This topic describes how to use the Java Database Connectivity (JDBC) connector.
Background information
This connector is the open source Flink JDBC connector. It lets you read data from and write data to common databases, such as MySQL, PostgreSQL, and Oracle. The following table describes the capabilities of the JDBC connector.
Category | Description |
Supported types | Source table, dimension table, and sink table |
Running mode | Streaming mode and batch mode |
Data format | Not applicable |
Specific monitoring metrics | None |
API type | SQL |
Support for updating or deleting data in sink tables | Yes |
Prerequisites
The database and table that you want to connect to must be created.
Limits
A JDBC source table is a bounded data source. After all data is read, the task automatically ends. To capture real-time changes, use a Change Data Capture (CDC) connector. For more information, see MySQL CDC source tables and PostgreSQL CDC source tables (public preview).

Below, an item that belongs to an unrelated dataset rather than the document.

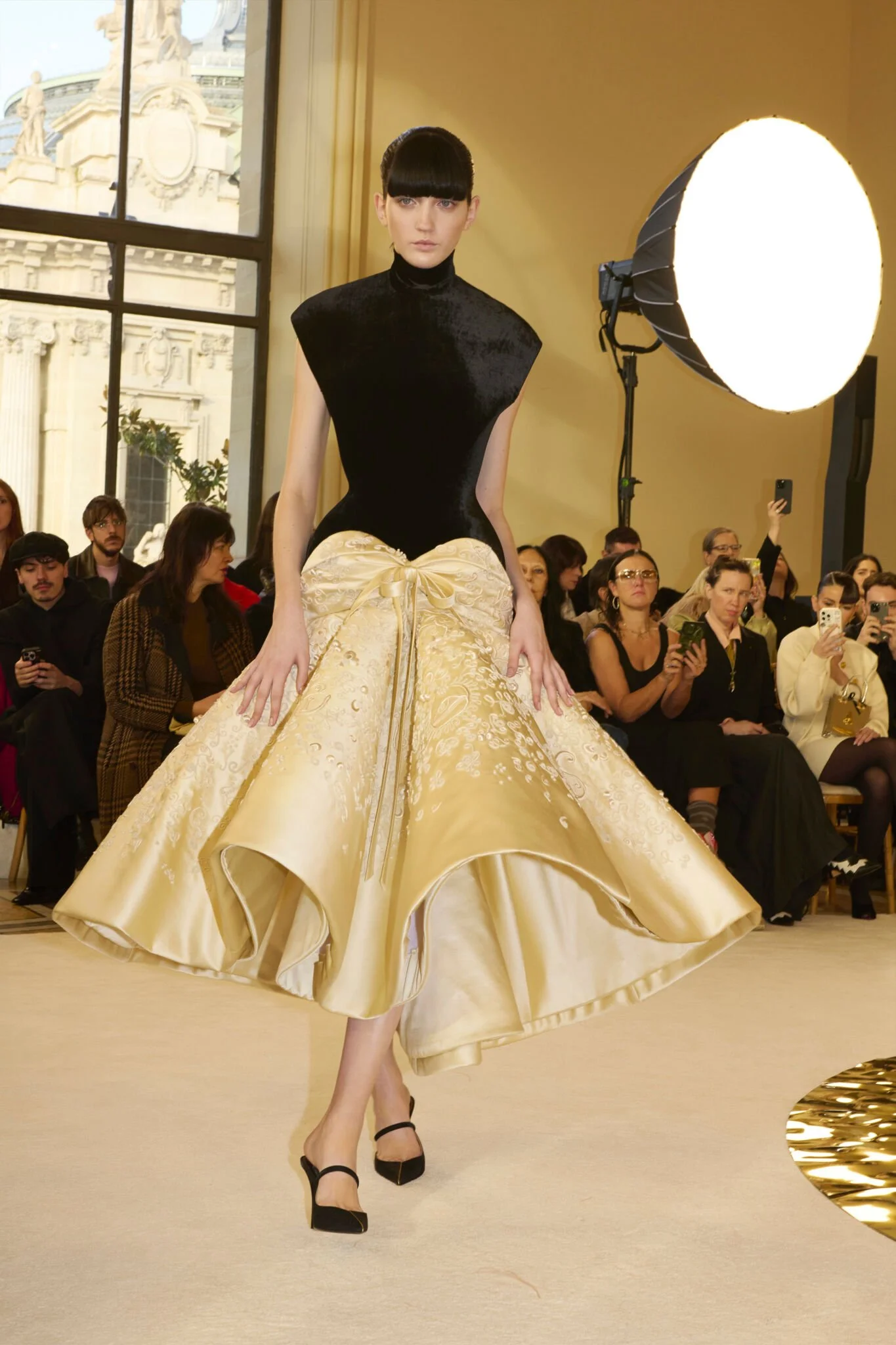 Schiaparelli-HC-PO-S25-014.jpg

When you write data to a PostgreSQL sink table, the database version must be 9.5 or later. Write operations will fail on earlier versions because they do not support the ON CONFLICT syntax.

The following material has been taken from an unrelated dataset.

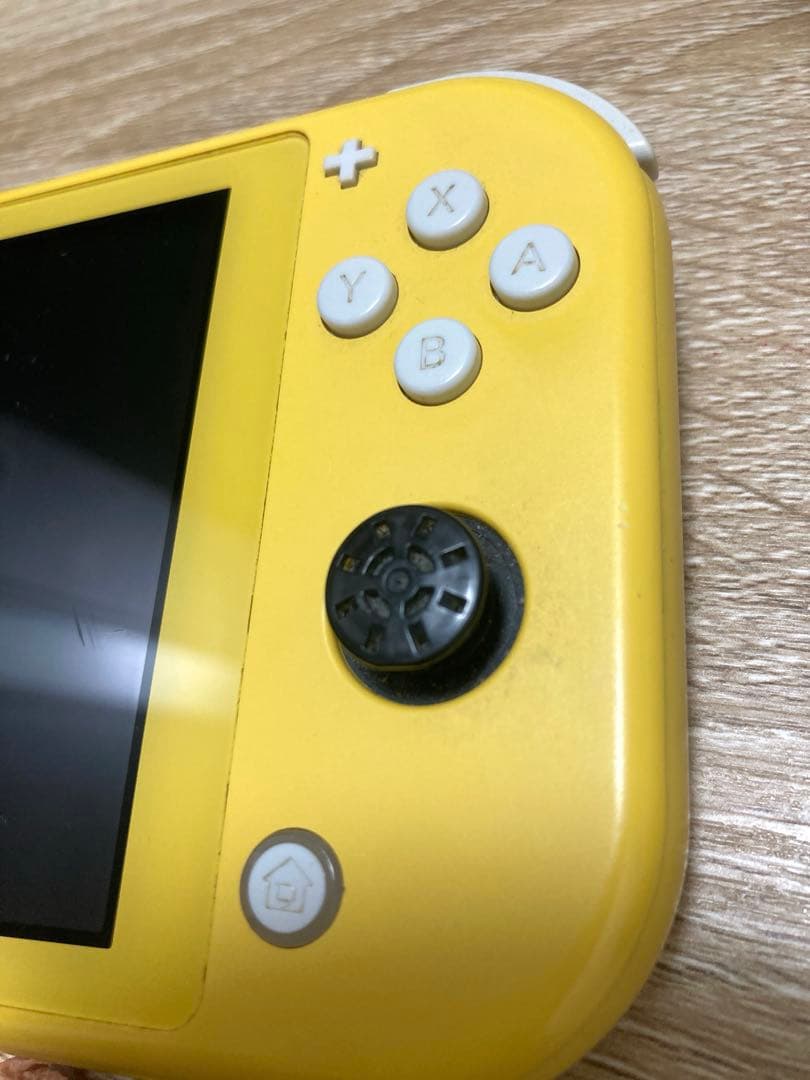 Nintendo Switch Lite イエロー　本体のみ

Flink does not include a built-in database driver. You must manually upload the JAR package for your database driver as an additional dependency. The following table lists the supported drivers:
Driver
Group ID
Artifact ID
MySQL
mysql
Oracle
com.oracle.database.jdbc
PostgreSQL
org.postgresql
If you use a JDBC driver that is not listed in the table, you must test its validity and availability before use.
When the JDBC connector writes data to a MySQL sink table, it concatenates each received record into an SQL statement and executes it. For a MySQL sink table that contains a primary key, the following statement is executed:
INSERT INTO table_name (column1, column2, ...) VALUES (value1, value2, ...) ON DUPLICATE KEY UPDATE column1 = VALUES(column1), column2 = VALUES(column2), ...;.WarningIf a table has a unique index that is not the primary key, inserting a record with a different primary key but an identical unique index value causes a conflict. This conflict results in data being overwritten and leads to data loss.
Syntax
CREATE TABLE jdbc_table (
`id` BIGINT,
`name` VARCHAR,
PRIMARY KEY (id) NOT ENFORCED
) WITH (
'connector' = 'jdbc',
'url' = 'jdbc:xxx',
'table-name' = '<yourTable>',
'username' = '<yourUsername>',
'password' = '<yourPassword>'
);Parameters
General
Parameter
Description
Data type
Required
Default value
Notes
connector
The type of the table.
String
Yes
None
The value must be `jdbc`.
url
The URL of the database.
String
Yes
None
None.
table-name
The name of the JDBC table.
String
Yes
None
None.
username
The username for the JDBC connection.
String
No
None
If you specify either the `username` or `password` parameter, you must specify both.
password
The password for the JDBC connection.
String
No
None
Source table specific
Parameter
Description
Data type
Required
Default value
Notes
scan.partition.column
The name of the column used to partition the input.
String
No
None
This column must be of a numeric or timestamp type. The type must also support comparison with numeric types in the database. For more information about partitioned scans, see Partitioned Scan.
scan.partition.num
The number of partitions.
Integer
No
None
None.
scan.partition.lower-bound
The minimum value of the first partition.
Long
No
None
None.
scan.partition.upper-bound
The maximum value of the last partition.
Long
No
None
None.
scan.fetch-size
The number of rows to fetch from the database per read loop.
Integer
No
0
If you set this parameter to 0, it is ignored.
scan.auto-commit
Specifies whether to enable auto-commit.
Boolean
No
true
None.
Sink table specific
Parameter
Description
Data type
Required
Default value
Notes
sink.buffer-flush.max-rows
The maximum number of records to cache before flushing.
Integer
No
100
Set this parameter to 0 to disable caching. Records are then flushed immediately.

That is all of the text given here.